Demands for All Sites When Each Site Has Gate Fee and for a Typical Site That Solely Has Gate Fee

The final columns of Table 3 show the revenue raised by fees and the statewide increase in income tax rate that would generate the equivalent revenue as the fees. Of note is that, while the burden of user fees is borne by visitors, income tax changes are borne by all taxpayers. Notably, in our data, 42% had not visited a Great Lakes beach in the past three seasons.

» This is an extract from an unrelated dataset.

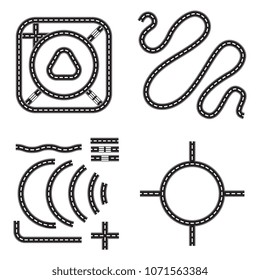 Street Road Vector Elements for city Map. Highway or Path Traffic Isolated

Interestingly, the user fee is regressive when we look at the lost welfare as a percentage of income. In Table 4, we show the lost welfare and trips from the $10 fee (compared with no fee) as a percentage of income across income quartiles. The table shows that the share of trip losses is largest for the people in the lowest- and highest-income groups. Because the model estimates revealed a significant effect of income on trip taking, the result is potentially counterintuitive. It can be explained by the observation that many of our other demographic variables are correlated with income in ways that influence trip taking. Specifically, compared with the lowest quartile, the highest-income individuals in our sample are significantly whiter (by 11%), more likely to be employed fulltime (by 40%), less retired (by 23%), and more likely to have children younger than age 17 in the household (by 16%). Also relevant to trip taking are travel costs, which increase with income and depend on where one lives relative to coasts. For example, Michigan has several large lower-income urban areas directly on or close to the Great Lakes (e.g., Detroit), which contribute to much lower travel costs, thereby increasing trip demand. Some of these areas have higher unemployment relative to other areas in Michigan, and these factors combine to partially offset the fact that higher-income people are more likely to take trips, all else equal. Consequently, welfare and trip losses from gate fees are borne relatively similarly across all income quartiles. Nevertheless, as a share of income, the welfare losses accrue significantly more to lower-income households, making the fees regressive. Similar findings about the regressivity of recreation fees were found by von Haefen and Lupi (2022) and Ji et al. (2022) and for taxes on recreation gear (Walls and Ashenfarb 2022).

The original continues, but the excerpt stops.